John Sessions RIP
John Sessions checked out my arse on sunny Goodge Street. I was very flattered. I had the sort of arse that caught the eye and the imagination in those days, and I was very pleased it was him. John Sessions was a hero of mine.
In the late 80's and 90's Sessions' pell mell and sweaty solo shows were the closest I ever got to theatre. A man in a room on a mostly bare stage telling ludicrous stories and spinning nonsense out of awkward collisions between low and high art. Posturing, preening, doing all the voices, all the contortions, and smuggling in, under the guise of improv, real, surprising writing. He snuck it in there, right before my greedy face and I was like a pig at a trough. He performed Napoleon's campaigns, Turner painting The Fighting Temeraire and the Biblical War in Heaven - the obvious stuff of comic material - and I was dazzled. I needed to look these things up: I needed to hit the books and find out who Pinter was and why he spoke like that. Imagine hitting the library after a comedy gig now. I miss this: archness, difficulty, art aimed over my head. It's impossible to imagine - those days have been demographically streamlined out of existence and those shows would never get on telly now - they'd struggle to get in a theatre.
You can't get them on DVD. Apparently no one wants them.

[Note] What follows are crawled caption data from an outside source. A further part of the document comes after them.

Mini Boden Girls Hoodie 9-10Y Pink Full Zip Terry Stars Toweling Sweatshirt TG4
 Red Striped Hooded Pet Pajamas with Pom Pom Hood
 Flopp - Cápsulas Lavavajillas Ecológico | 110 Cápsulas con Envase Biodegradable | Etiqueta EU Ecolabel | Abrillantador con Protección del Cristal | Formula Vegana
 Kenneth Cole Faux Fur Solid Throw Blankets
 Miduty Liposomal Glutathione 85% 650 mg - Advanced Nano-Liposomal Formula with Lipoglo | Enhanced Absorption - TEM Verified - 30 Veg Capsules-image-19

He was always funny too. Its not enough to be just clever - and in truth Sessions was in those days always desperate to show people how clever he was. I understand it - he talked at length about his impostor syndrome, his depression, his feeling of never being good enough. I feel you, John (though I never did on Goodge Street). But he was always funny.
I loved John Sessions. His perm. His grin. His tongue sticking out. His certain knowledge that he was rubbing people up the wrong way and he couldn't help it because that was who he was. In later years he became a character actor of gravity and detail, a classy bit of furniture dressing a set, always perfectly placed. In his private life he became a curmudgeon, embracing his oddness: a seething Brexiteer and an ardent Sherlockian. It didn't put me off him. It seemed like he had painted himself into a corner. He had become the sort of irascible old don that he was always destined to be. Having views.
He's dead at 67 which is far too young. He should have had another twenty years in which to turn into Margaret Rutherford, the part he was born to play, alongside Napoleon, J M W Turner, Satan and Keith Richard. Another little bit of my youth has been chipped away and another one of the good people gone. And I'll not get to meet him, apart from that fleeting buttock-based moment in North London. Shame.